◆ About this task ◆
All of the data should be restated word for word, with the pictures omitted.

[Stored dataset items]
----------
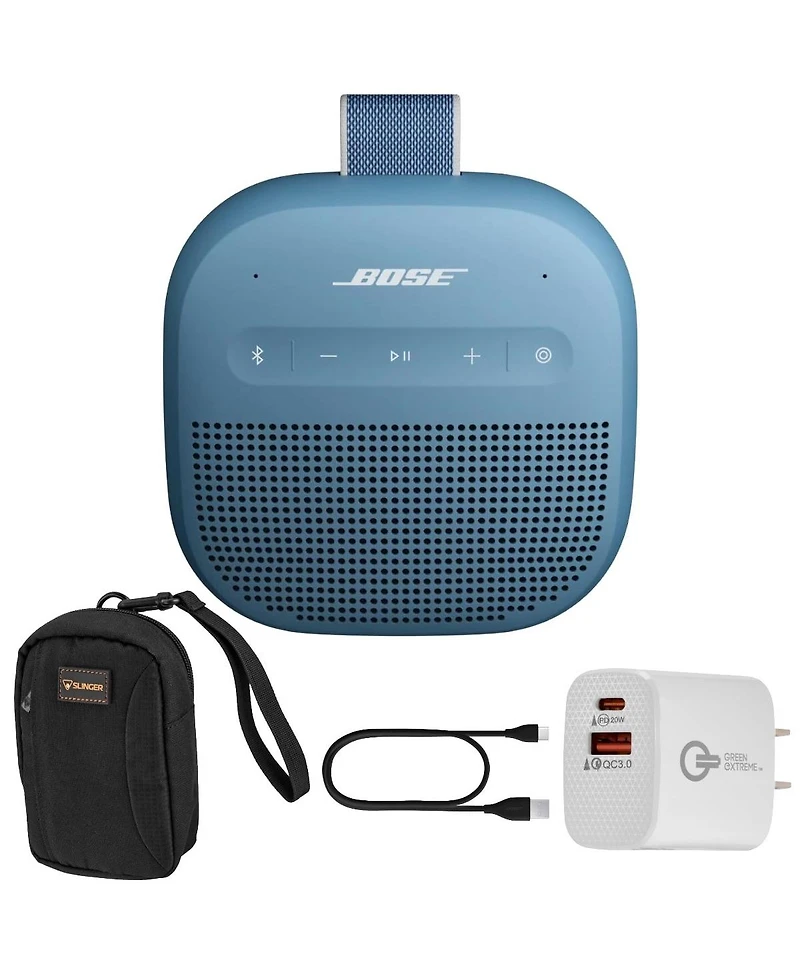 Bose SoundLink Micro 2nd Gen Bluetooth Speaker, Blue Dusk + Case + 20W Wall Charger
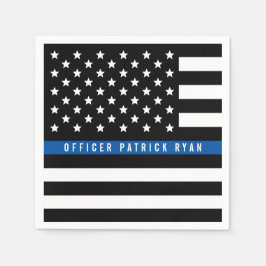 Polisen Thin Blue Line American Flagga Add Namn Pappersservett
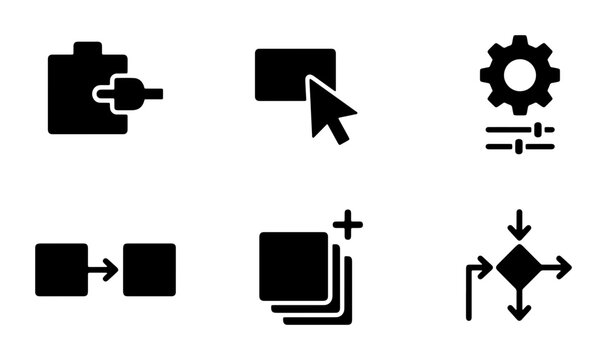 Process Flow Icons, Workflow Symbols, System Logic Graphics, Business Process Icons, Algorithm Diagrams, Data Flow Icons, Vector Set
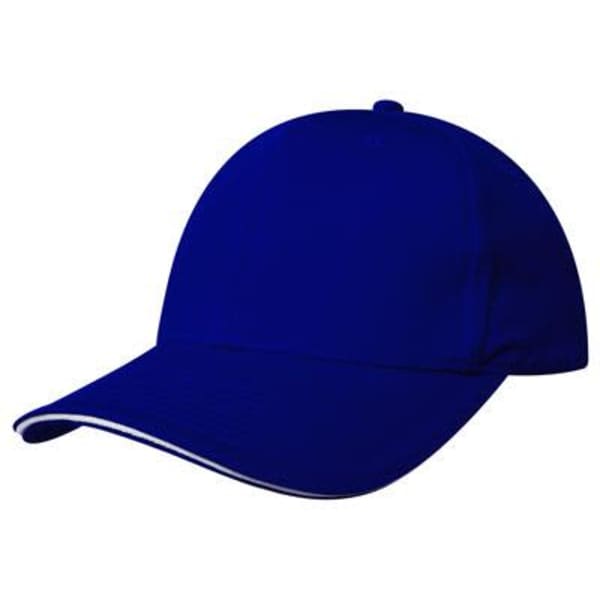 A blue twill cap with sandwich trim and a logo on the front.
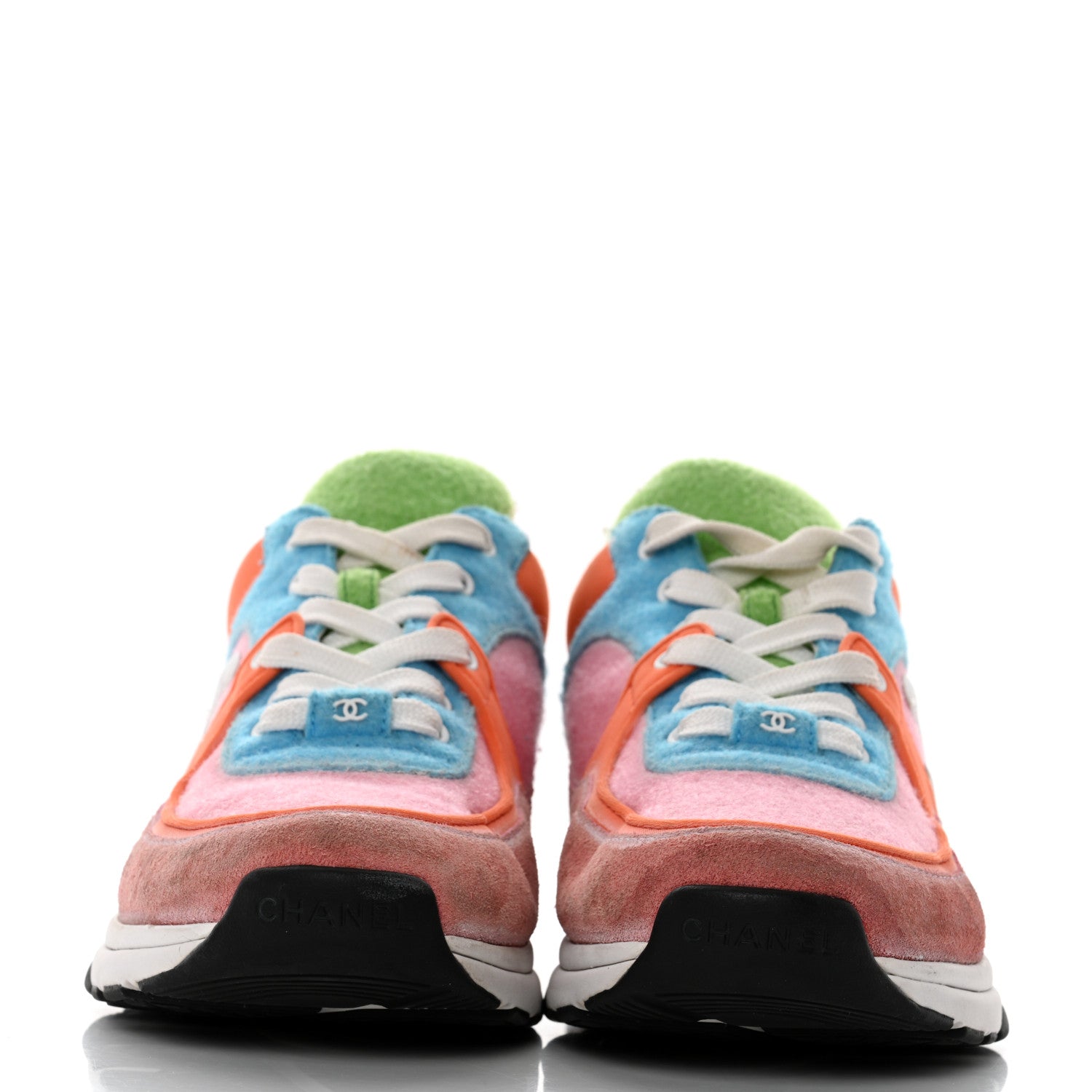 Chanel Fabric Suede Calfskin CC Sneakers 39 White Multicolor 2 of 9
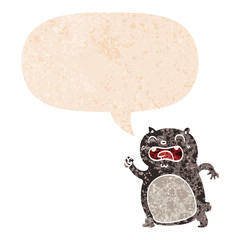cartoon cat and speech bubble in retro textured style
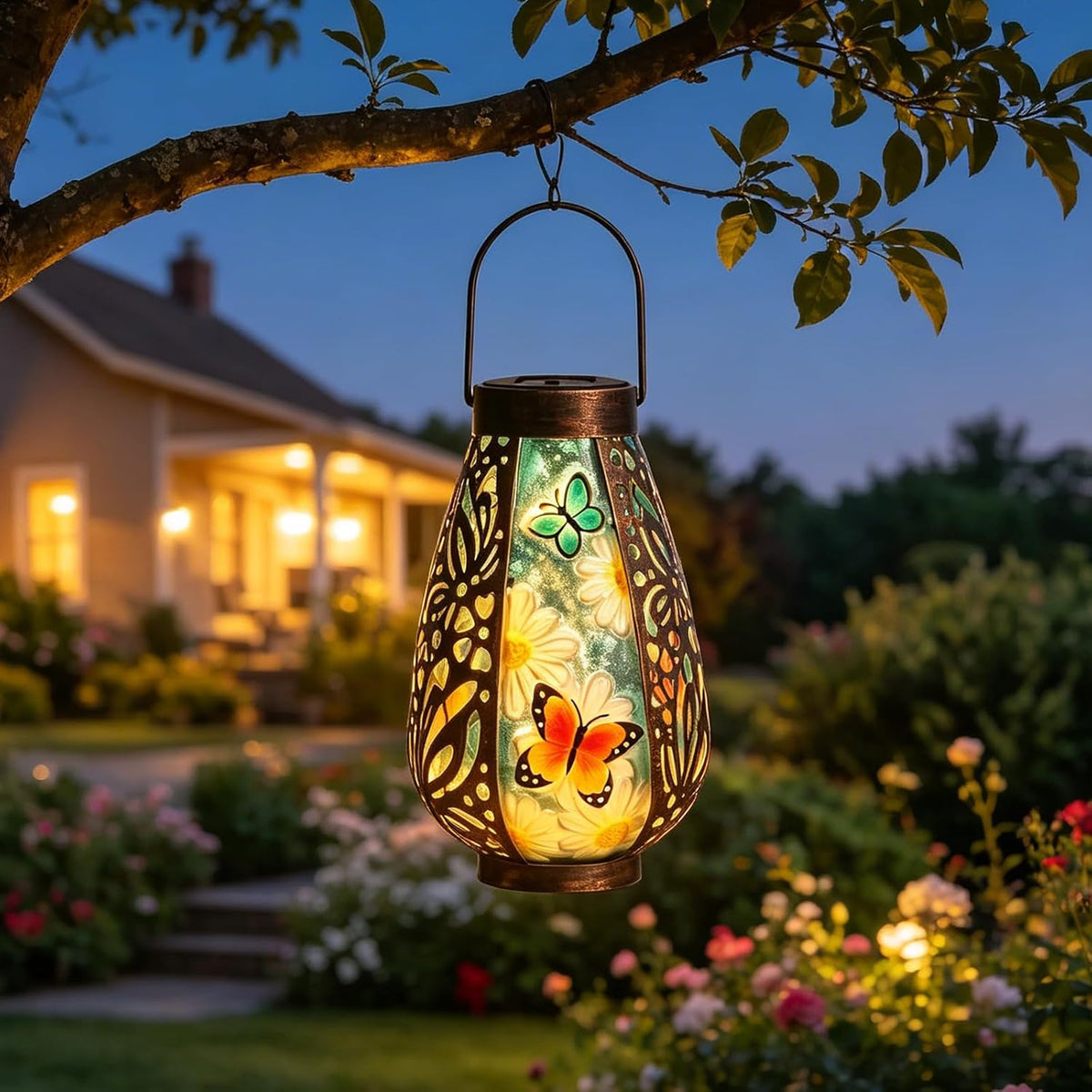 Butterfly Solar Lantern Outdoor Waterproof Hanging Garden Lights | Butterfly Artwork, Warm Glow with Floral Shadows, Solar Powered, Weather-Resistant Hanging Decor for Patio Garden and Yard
----------
◆ Answer area ◆
 Bose SoundLink Micro 2nd Gen Bluetooth Speaker, Blue Dusk + Case + 20W Wall Charger
 Polisen Thin Blue Line American Flagga Add Namn Pappersservett
 Process Flow Icons, Workflow Symbols, System Logic Graphics, Business Process Icons, Algorithm Diagrams, Data Flow Icons, Vector Set
 A blue twill cap with sandwich trim and a logo on the front.
 Chanel Fabric Suede Calfskin CC Sneakers 39 White Multicolor 2 of 9
cartoon cat and speech bubble in retro textured style
 Butterfly Solar Lantern Outdoor Waterproof Hanging Garden Lights | Butterfly Artwork, Warm Glow with Floral Shadows, Solar Powered, Weather-Resistant Hanging Decor for Patio Garden and Yard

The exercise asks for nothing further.